[ZODB-Dev] Iterating objects in the ZODB

Casey Duncan cduncan@kaivo.com
Tue, 21 Aug 2001 10:37:54 -0600


This is a multi-part message in MIME format.
--------------E79BA629B5BD7EBF4779B7E6
Content-Type: text/plain; charset=us-ascii
Content-Transfer-Encoding: 7bit

Attached is some code I worked up for efficiently getting a sequence of
objects referenced from a base object stored in the ZODB. AFAICT it
should be storage independent (although it could be made more efficient
for ClientStorage). Here is a quick API ref:

getObjectReferenceOids(ob)

    Returns a list of the oids of the objects referenced by ob.

getObjectReferences(ob):

    Returns a LazyObjectList of the objects referenced by ob.

LazyObjectList:

    A class (like Lazy.py) that can store references to a large number
of persistent objects efficiently, objects are only loaded into memory
when they are accessed, supports __len__, __getitem__, __getslice__
(slice for inside Zope), and __add__

    The constructor takes two arguments: the ZODB connection and a list
of oids

    There are two methods, getOid and getOids for getting the oids back
out.

So, what is this for exactly? This is the start of a query engine for
the ZODB (and Zope). Somebody posted a Python OQL parser the other day,
so I thought I would work from the other end. Eventually, this code can
be used for searching and indexing objects in the ZODB. Basically you
could use it anytime you need to walk over an area of the ZODB.

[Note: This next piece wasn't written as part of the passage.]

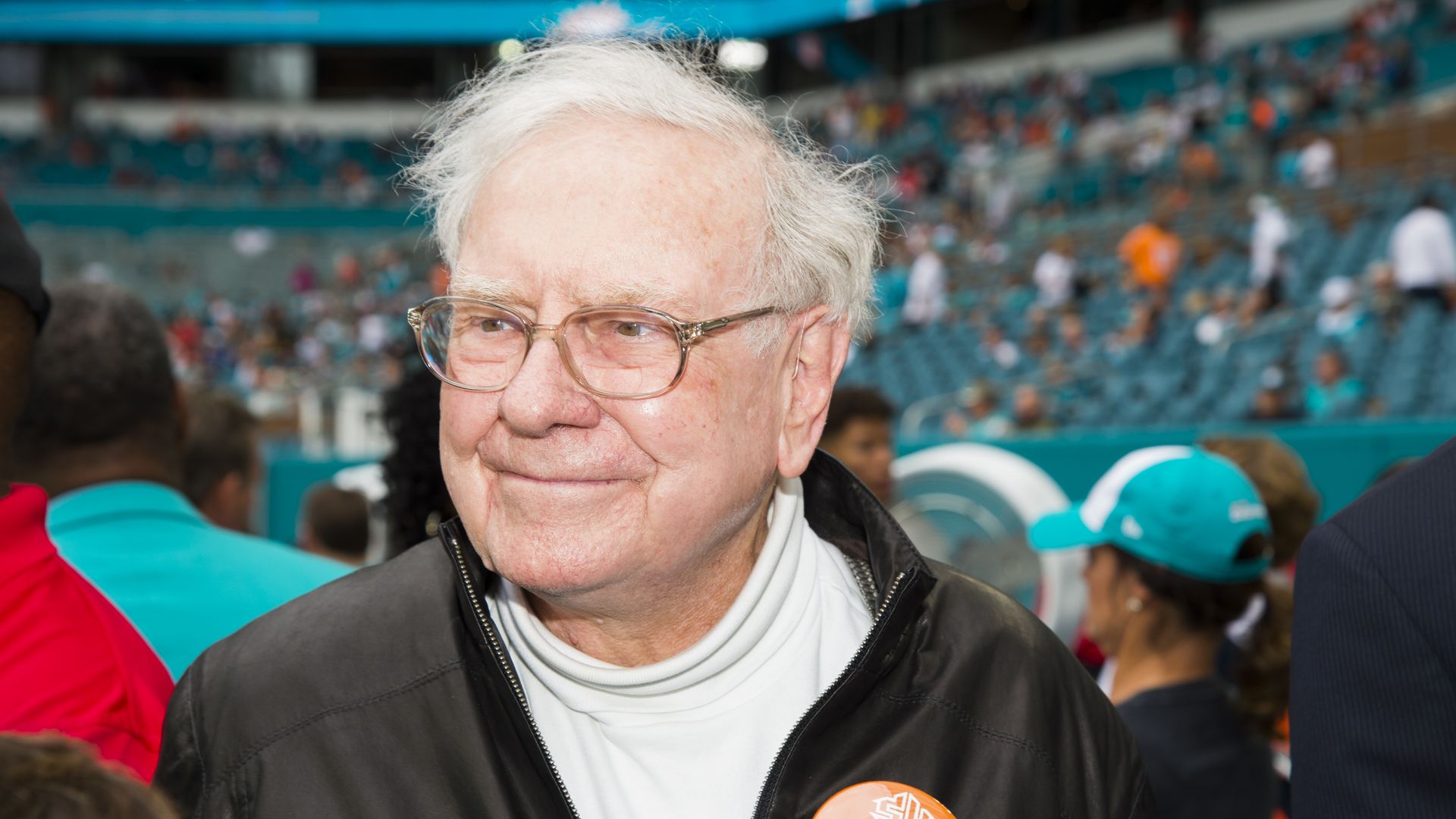  Warren Buffett  on the sidelines before the start of the NFL football game between the Arizona Cardinals and the Miami Dolphins on December 11, 2016 in Miami Gardens, FL.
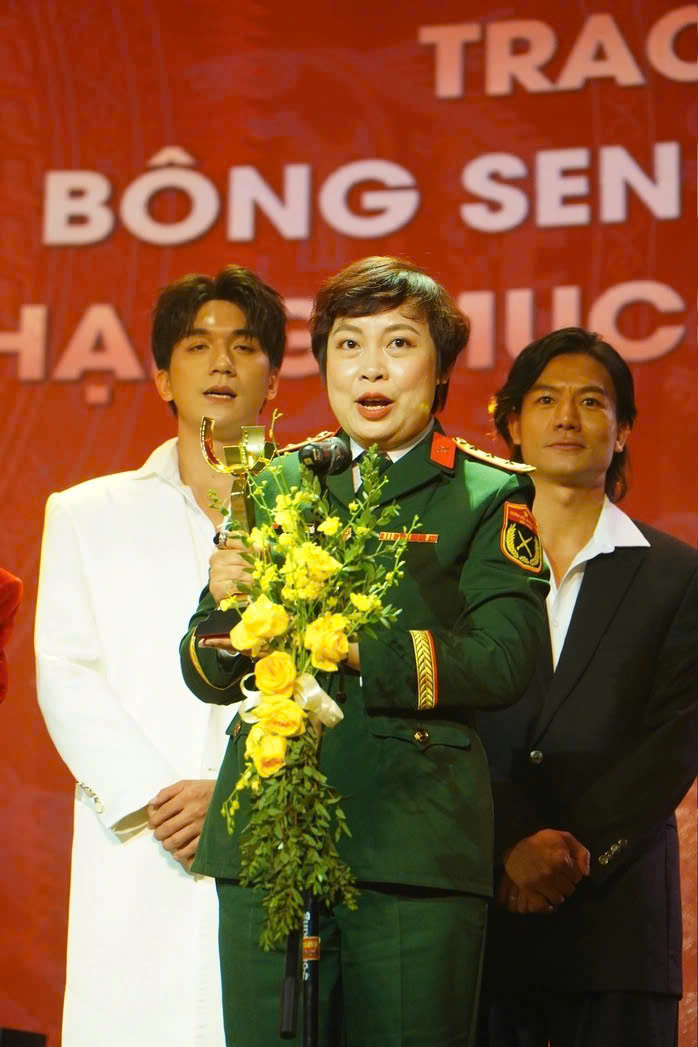 Mưa đỏ giành giải Bông sen vàng tại LHP Việt Nam lần thứ XXIV- Ảnh 1. Mưa đỏ giành giải Bông sen vàng tại LHP Việt Nam lần thứ XXIV- Ảnh 1.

Enjoy. As this is certainly alpha code, please let me know if you find
anything anomalous.
-- 
| Casey Duncan
| Kaivo, Inc.
| cduncan@kaivo.com
`------------------>
--------------E79BA629B5BD7EBF4779B7E6
Content-Type: text/plain; charset=us-ascii;
 name="FindRefs.py"
Content-Transfer-Encoding: 7bit
Content-Disposition: inline;
 filename="FindRefs.py"

from ZODB.referencesf import referencesf
from string import join

def getObjectReferenceOids(ob):
    """Get the oids of the object referenced by ob"""

    oids = [ob._p_oid]
    pop_oid = oids.pop
    version = ob._p_jar._version
    load = ob._p_jar._storage.load
    references = {}
    has_reference = references.has_key

    while oids:
        oid = pop_oid()
        if has_reference(oid): continue
        # Get the pickle and see what objects it references
        p, serial = load(oid, version)
        references[oid] = None
        referencesf(p, oids)

    return references.keys()

class LazyObjectList:
    __allow_access_to_unprotected_subobjects__ = 1

    def __init__(self, connection, oids):
        self._connection = connection
        self._oids = oids

    def __len__(self):
        return len(self._oids)

    def __getitem__(self, index):
        return self._connection[self._oids[index]]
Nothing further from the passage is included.